Content starts

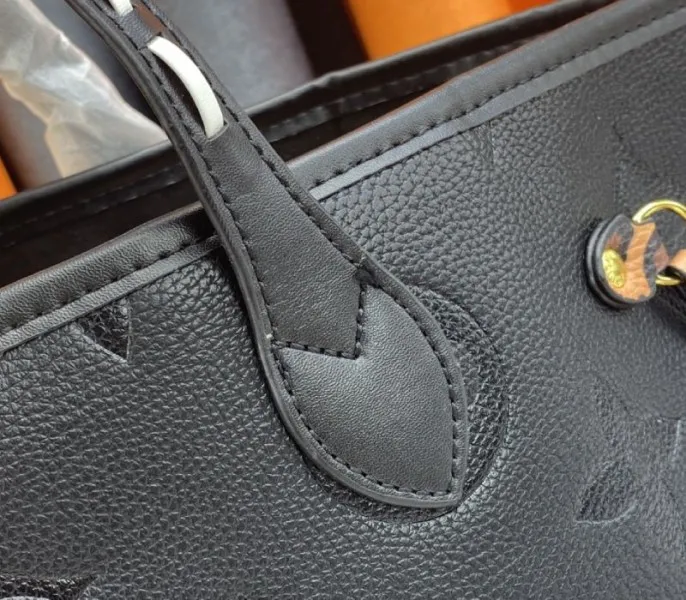 Louis Vuitton Monogram Empreinte Wild At Heart Neverfull MM Tote In Black — image 8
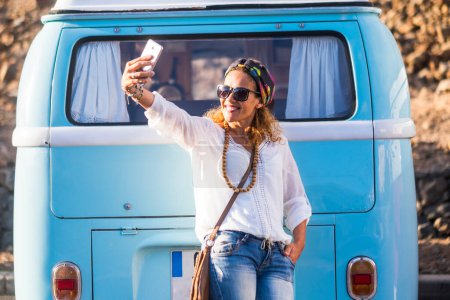 Photo for Woman taking selfie picture with phone against a blue classic van. Travel and hippy lifestyle people concept. One traveler female enjoying destination. Wearing trendy casual clothes - Royalty Free Image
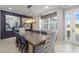 Elegant dining room features a modern chandelier, striking artwork, and ample seating for gatherings at 437 Chantilly Trl, Bradenton, FL 34212
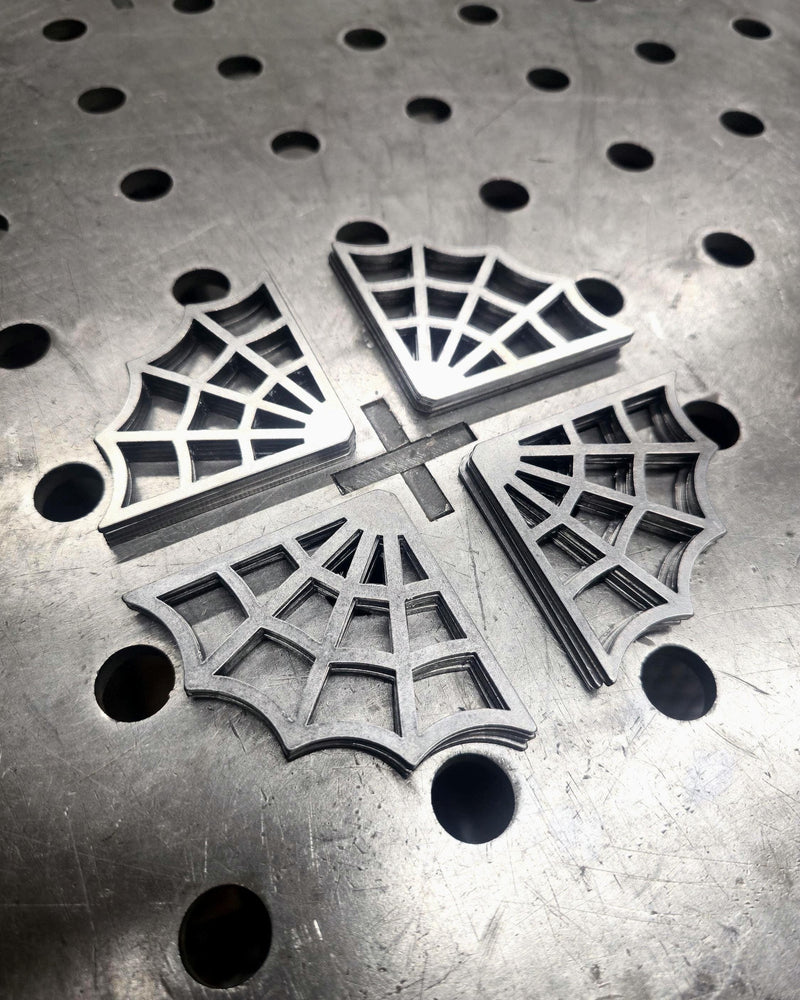 Two 5-inch spider web decorative steel gussets placed on a metal fabrication welding table with circular mounting holes.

Content ends

• [Exercise]:
The final stretch of the data, from the line with "Elegant dining room" through its last line, is to be retyped exactly; pictures are not part of the copy.

• [Finished exercise]:
 Elegant dining room features a modern chandelier, striking artwork, and ample seating for gatherings at 437 Chantilly Trl, Bradenton, FL 34212
 Two 5-inch spider web decorative steel gussets placed on a metal fabrication welding table with circular mounting holes.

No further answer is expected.